Google's advertising business continues to grow rapidly

Wed 2nd Feb, 2022

Google continues to benefit massively from the boom in online advertising in the Corona pandemic. The Internet giant's umbrella company, Alphabet, posted a 32 percent jump in revenue and a profit of $20.6 billion (18.3 billion euros) in the past quarter. The mainstay of the business remains the ads surrounding Internet search queries.

In the pandemic, more ad spending moved online and at the same time people are doing more things online. Google is benefiting from both trends. Ad revenue around the Google search engine rose nearly 36 percent year over year to $43.3 billion. The video platform YouTube brought in 8.6 billion dollars, around a quarter more advertising revenue than a year earlier.

Overall, Google's ad revenues rose from $46.2 billion to $61.2 billion within a year. With an operating profit of around $26 billion, Google services were also the only profit driver.

Cloud offerings, meanwhile, saw revenue rise from $3.8 billion to $5.5 billion, while operating in the red by $890 million. Google is trying to catch up with rivals Amazon and Microsoft in the business of software and storage from the web.

The group's so-called "other bets," such as self-driving cars and delivery drones, made less revenue while posting more losses. Revenue fell to $181 million from $196 million. Operating losses rose from $1.1 billion to $1.4 billion.

Overall, Alphabet significantly exceeded market expectations with its quarterly figures. Group revenue reached 75.3 billion dollars, while analysts had rather expected a good 72 billion dollars. The bottom line is that the quarterly profit rose from 15.2 to 20.6 billion dollars, as Alphabet announced after the close of the U.S. stock exchange on Tuesday.

The stock jumped a good nine percent in after-hours trading.

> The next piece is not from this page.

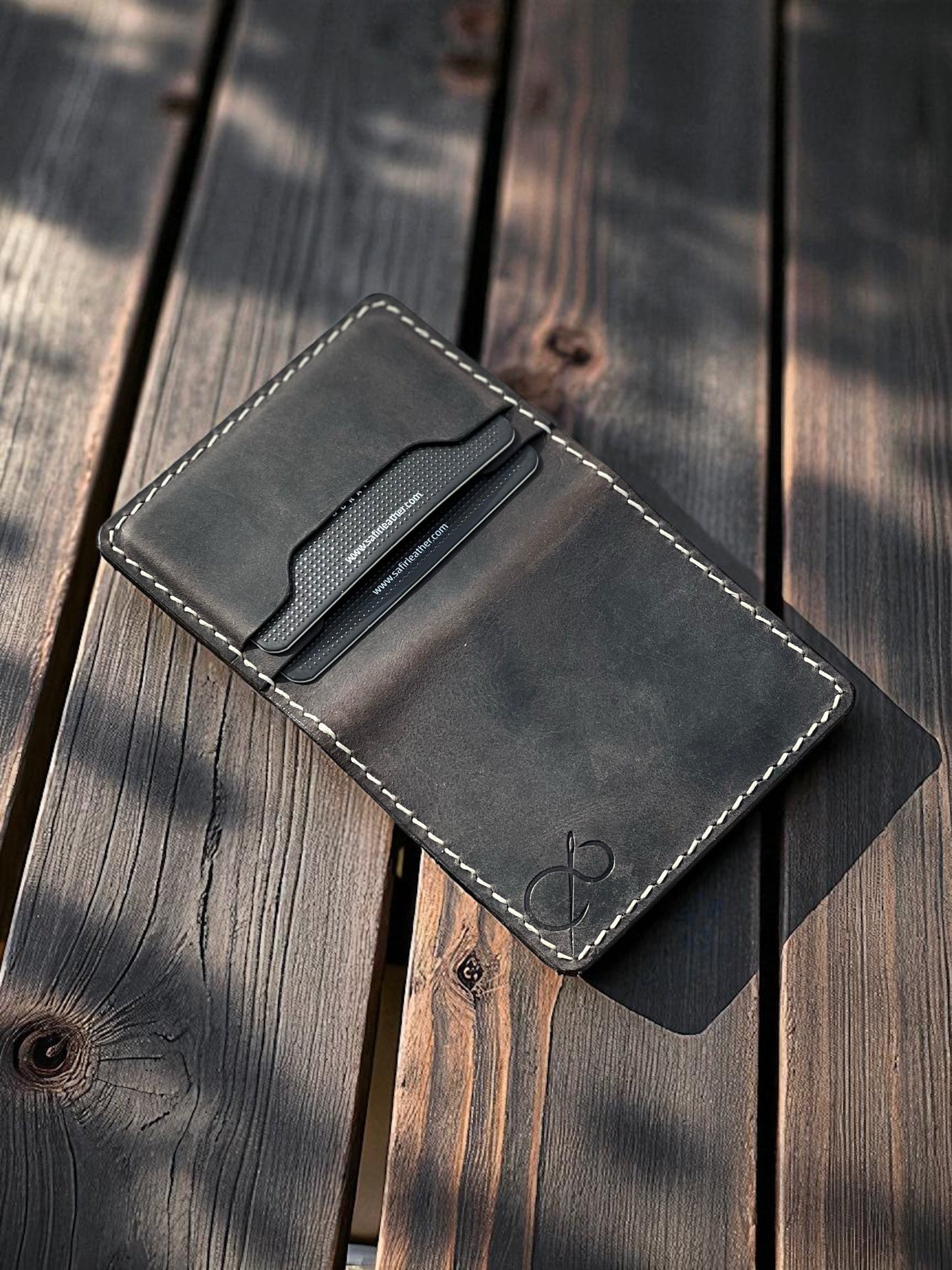 Safir Leather el yapımı siyah hakiki deri minimal cüzdan, mumlu dikiş detaylı ve kart bölmeli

Alphabet also announced a 1-for-20 stock split. That will make the paper more affordable for small investors and easier to trade, after the price was recently above 2700 dollars.

Google - like Facebook and Apple - has recently come under scrutiny from U.S. competition regulators, who are increasingly looking to curb the market power of tech giants. The head of Google and Alphabet, Sunder Pichai, appealed to U.S. lawmakers in a conference call with analysts to consider "unintended consequences" of proposed legislation that would leave users with inferior services and weaken U.S. platforms.